The number of ways in which the two Americans sit together is $2\cdot 8!$: we treat them as a single individual, so we’re seating $9$ individuals, but that one individual has two ‘states’ that have to be distinguished, since the two can sit in either order. Similarly, there are $2\cdot 8!$ arrangements with the two British together and $2\cdot 8!$ with the two Chinese together. Thus, to a first approximation there are $9!-3\cdot2\cdot8!$ arrangements that have no two people of the same nationality seated together.

However, the figure $3\cdot2\cdot8!$ counts twice every arrangement that has both the Americans and the British together. There are $2^2\cdot7!$ such arrangements (why?), so we have to subtract this number from our original approximation. The same goes for the two other pairs, American and Chinese, and British and Chinese: in each of those cases we’ve also counted $2^2\cdot 7!$ arrangements in the figure of $3\cdot2\cdot8!$. Thus, our second approximation is $9!-3\cdot2\cdot8!+3\cdot2^2\cdot7!$.

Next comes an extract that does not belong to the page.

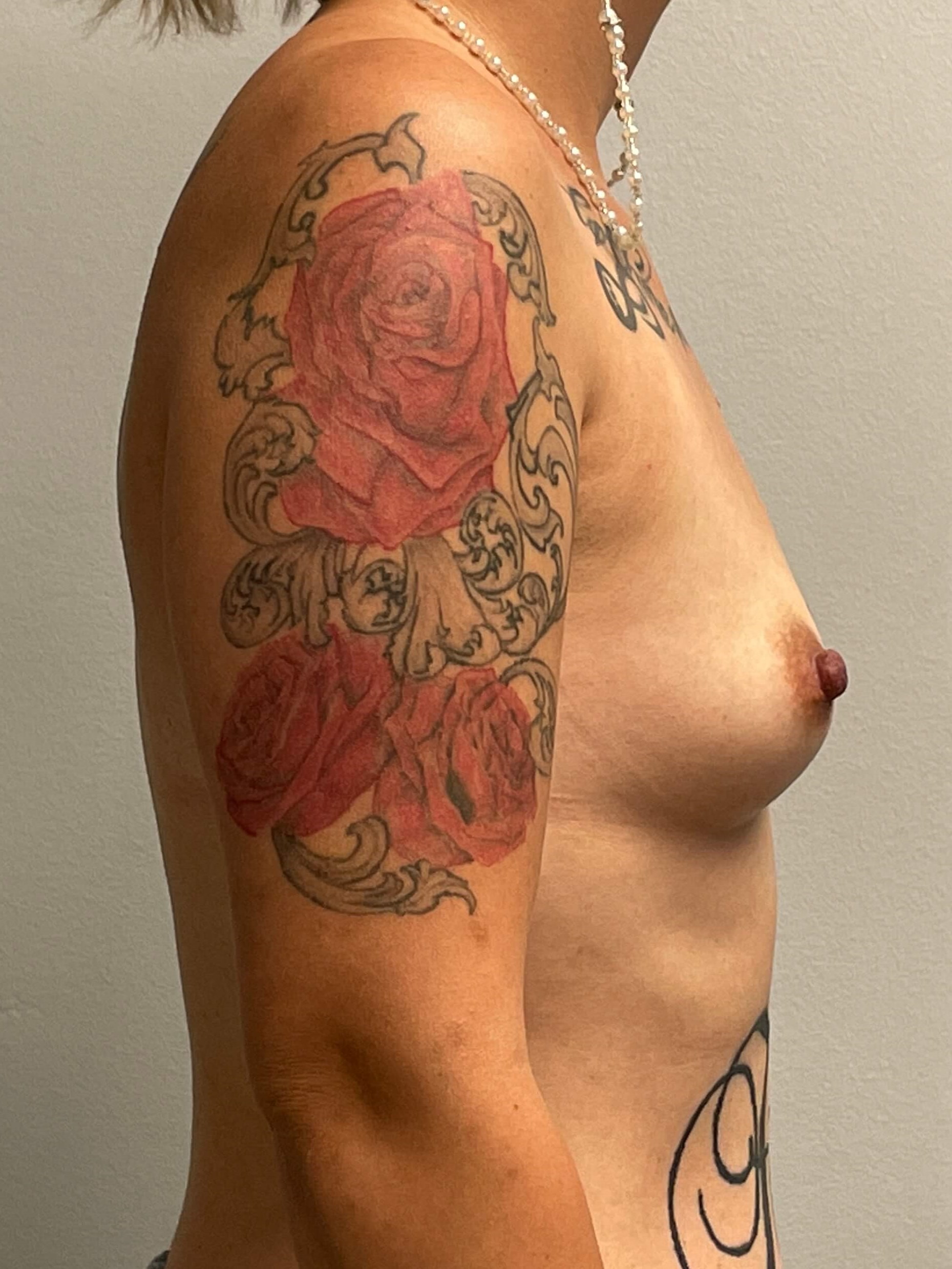 Westlake Woman Has Breast Aug Before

Unfortunately, this still isn’t quite right: the $2^3\cdot6!$ arrangements that have the two Americans together, the two British together, and the two Chinese together were counted once each in the $9!$ term; subtracted $3$ times each in the $-3\cdot2\cdot8!$ term; and added back in $3$ times in the $3\cdot2^2\cdot7!$ term, so they have been counted a net total of one time each. But we don’t want to count them, so we have to subtract $1$ for each of them to reach the final answer:

$$\begin{align*} 9!-3\cdot2\cdot8!+3\cdot2^2\cdot7!-2^3\cdot6!&=(9-6)\cdot8!+(84-8)\cdot6!\\ &=3\cdot8!+76\cdot6!\\ &=244\cdot720\\ &=175,680\;. \end{align*}$$

To count the arrangements that have just the two Americans together, start with the $2\cdot8!$ arrangements that have them together. Among these there are $2^2\cdot7!$ that also have the two British together (why?), and $2^2\cdot7!$ that also have the two Chinese together. Finally, there are (as we saw before) $2^3\cdot6!$ arrangements that have all three pairs together. The inclusion-exclusion calculation is simpler this time:

$$2\cdot8!-2\cdot2^2\cdot7!+2^3\cdot6!=46,080\;.$$

I’ll leave the last one for you to try now that you’ve seen the first two.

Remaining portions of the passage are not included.